Why in the World Would Someone Confess to A Crime That They Did Not Commit?
Date:  01-21-2015

Research provides an answer to this troubling phenomenon
Many of us have heard about a person confessing to crime and then, days or years later--often after a conviction lands them or her in prison, they proclaim their innocence. “Yeah, sure,” we say, as we roll our eyes in disbelief. People just don’t go around confessing to a crime unless they are guilty. Or do they?

Researchers in the United Kingdom have discovered that how a person is interrogated can convince a person that he or she actually committed a crime, and hence coax a confession from them based on false memories. The U.K study is important in that it shows how unscrupulous law enforcement agents, desperate to solve a crime, can use false memories to convict an innocent person.
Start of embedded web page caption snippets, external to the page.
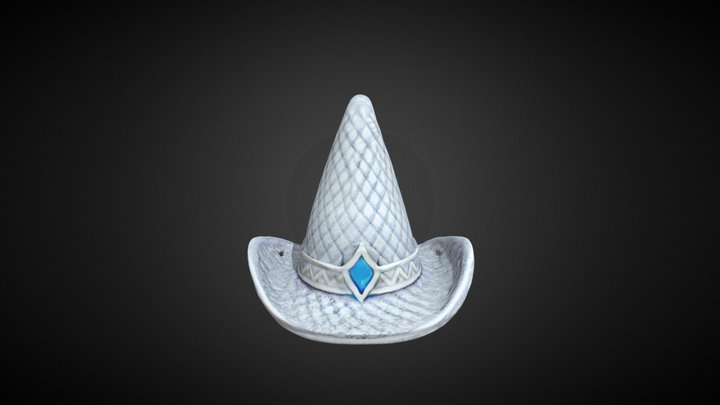 White Magician Hat (AI) 3D Model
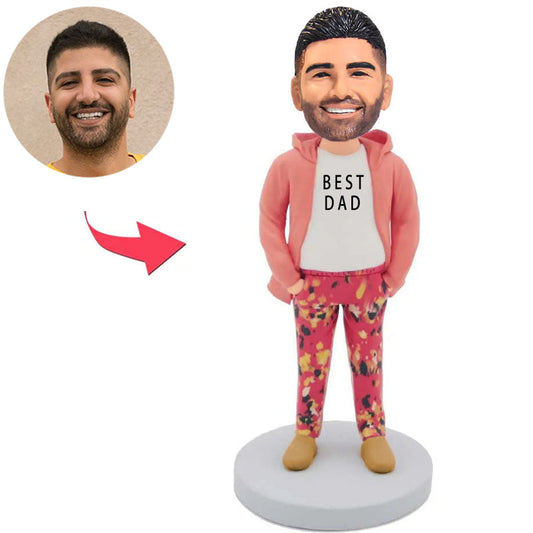 Pink Hoodie Best Dad Custom Bobbleheads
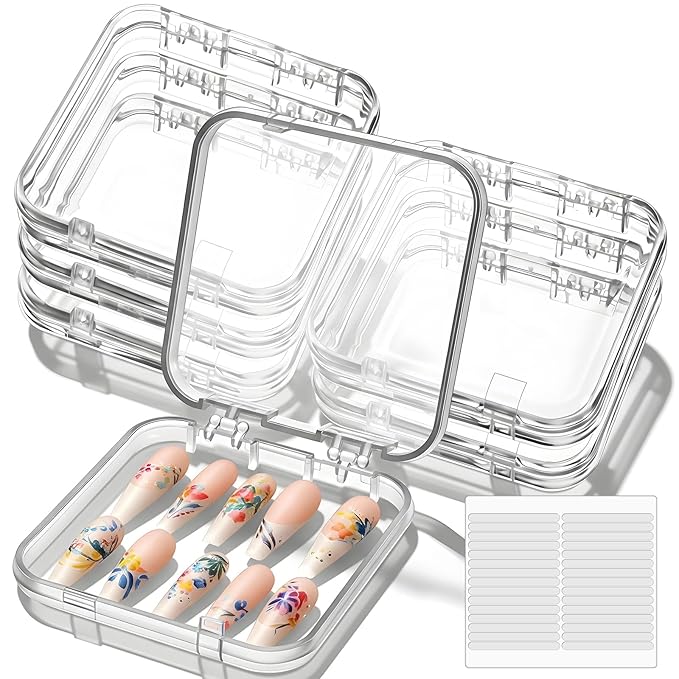 Xindojuz 6 Pcs Press On Nail Packaging Box, Acrylic Press on Nail Storage Cases for Pres Ons with 30 Pcs Adhesive Double Sided Tape for Fake Nails Display Storage Boxes Art Home Salon Supplies (Clear)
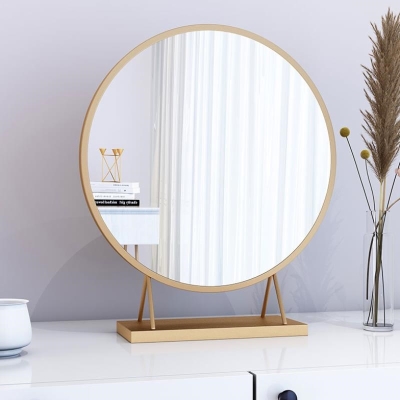 台式台镜大贴墙式圆形墙壁妆台镜子镜化妆壁挂北欧卧室梳妆金色
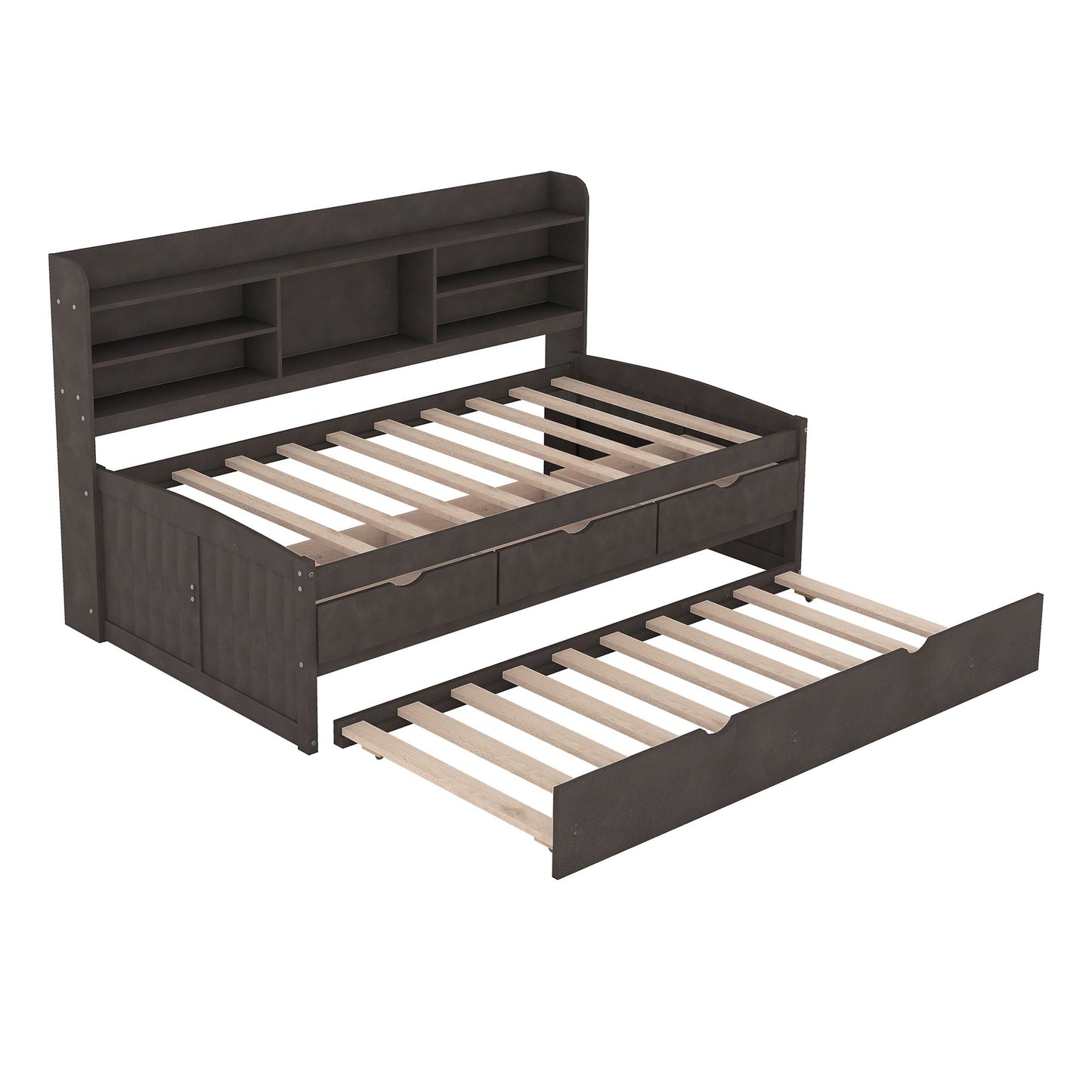 Captain Bed with shelves, 3 drawers, and trundle in espresso by HouseOfZazla on Tampa Home & Garden Store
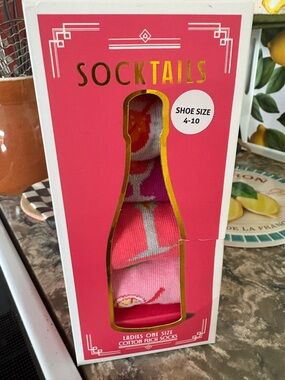 SOCKTAILS Pink Novelty Ladies Socks - Bottle Gift Box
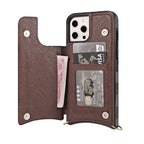 Checkered leather crossbody iPhone case showing the complete patterned back and shoulder strap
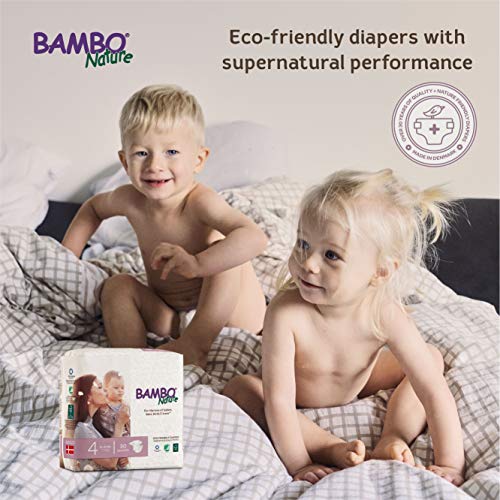 Bambo Nature Eco Friendly Premium Baby Diapers for Sensitive Skin, Size 4 (15-40 lbs), 30 Count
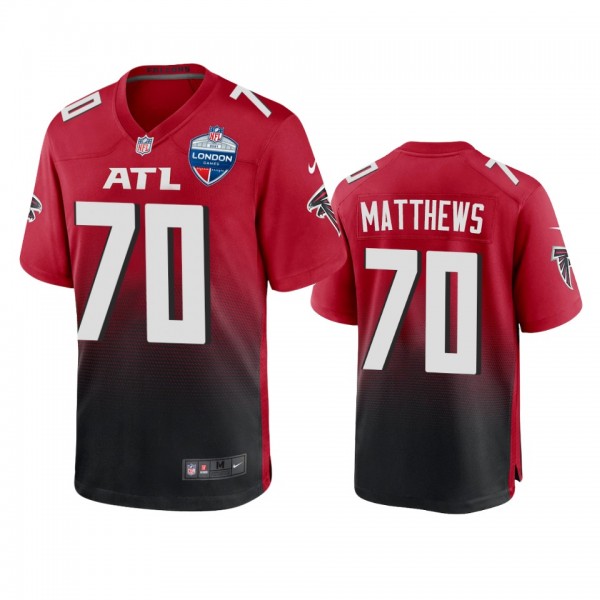 Atlanta Falcons Jake Matthews Red 2021 NFL London ...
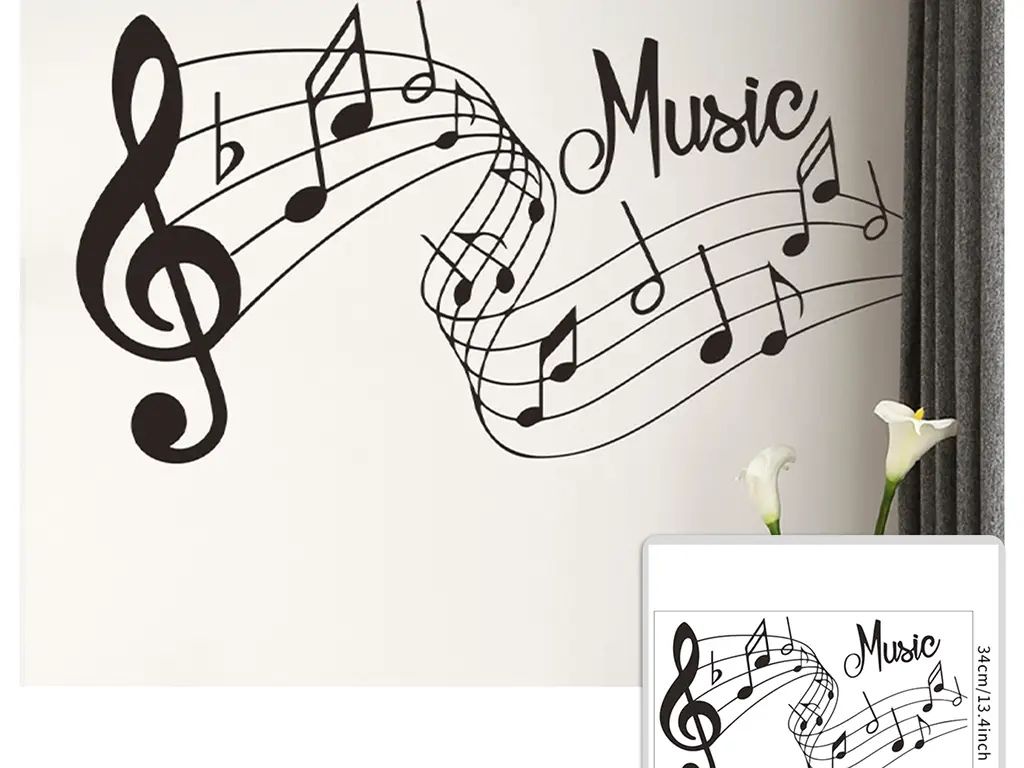 Sticker perete Portativ cu note muzicale, Folina, autoadeziv, negru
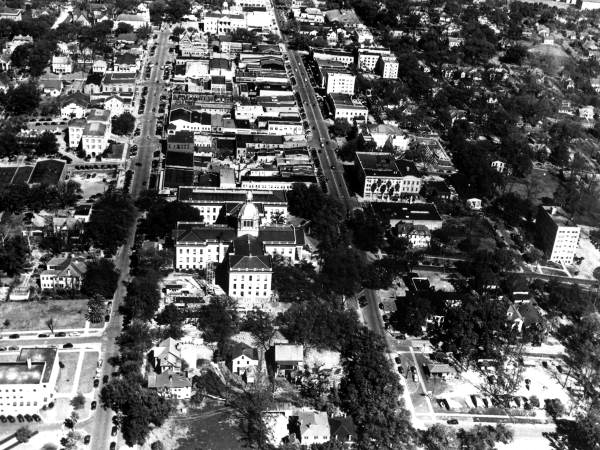 Aerial view looking north from just south of the Capitol - Tallahassee, Florida.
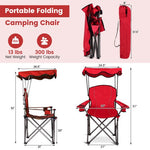  - Portable Folding Beach Canopy Chair with Cup Holders - Outdoor Style Company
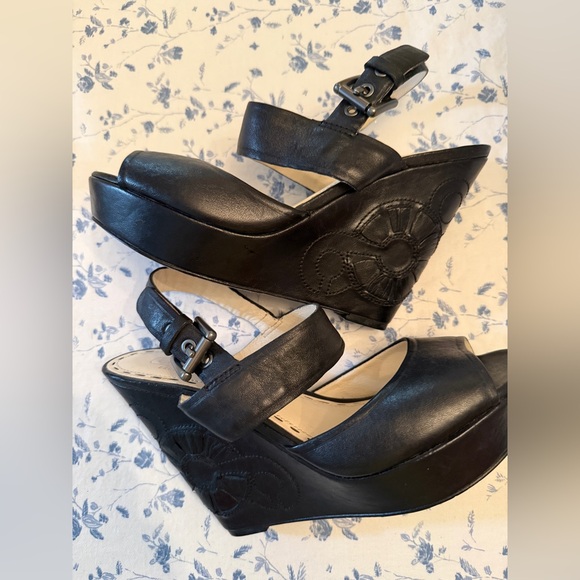 Coach Black Leather Wedge Sandals with Floral Coach Design - Picture 1 of 6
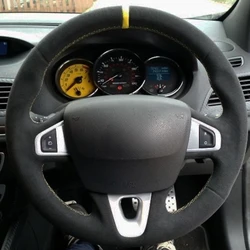 Car Steering Wheel Cover Black Genuine Leather Suede For Renault Megane 3 (Coupe) RS 2010 2011 2012 2013 2014 2015 2016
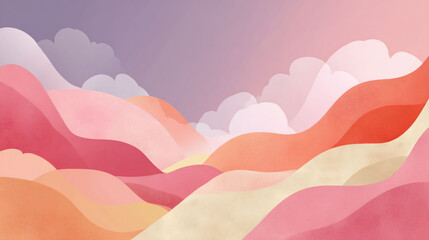 Obraz premium Pastel mountain layers embracing soft clouds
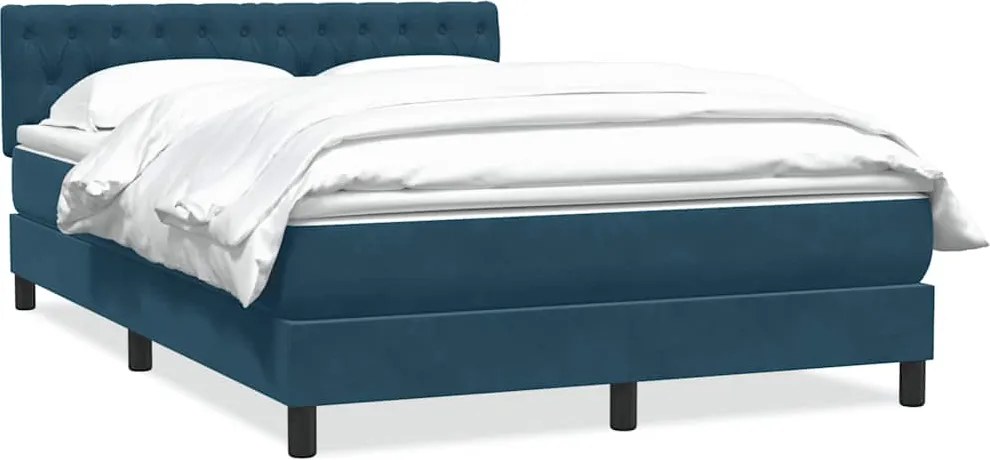vidaXL sötétkék bársony rugós ágy matraccal 140x210 cm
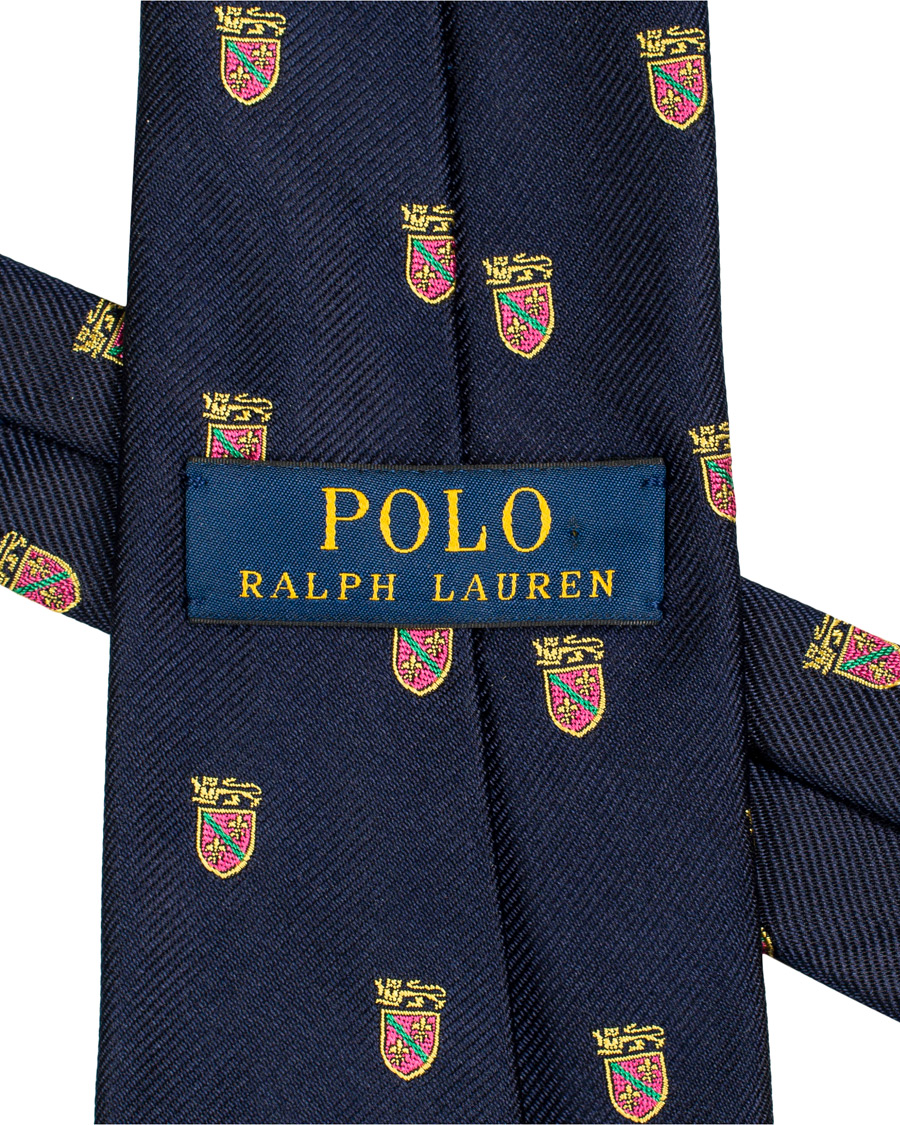 Herre | Polo Ralph Lauren Silk Lion Crest 8 cm Tie Navy | Polo Ralph Lauren | Silk Lion Crest 8 cm Tie Navy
The researchers found that it is not necessarily people with low intelligence that will confess to something they did not do. The study included college students and some of them formed false memories after they were told that they committed certain acts, criminal or otherwise. All it takes to plant false memories in some people is about 3 hours in a low-key setting and an interviewer who adds a few wrong details and uses “poor memory- retrieval techniques” to get a person to make a false confession.

From the Association for Psychological Science:

Evidence from some wrongful-conviction cases suggests that suspects can be questioned in ways that lead them to falsely believe in and confess to committing crimes they didn’t actually commit. New research provides lab-based evidence for this phenomenon, showing that innocent adult participants can be convinced, over the course of a few hours, that they had perpetrated crimes as serious as assault with a weapon in their teenage years.

The research, published in Psychological Science, a journal of the Association for Psychological Science, indicates that the participants came to internalize the stories they were told, providing rich and detailed descriptions of events that never actually took place.

“Our findings show that false memories of committing crime with police contact can be surprisingly easy to generate, and can have all the same kinds of complex details as real memories,” says psychological scientist and lead researcher Julia Shaw of the University of Bedfordshire in the UK.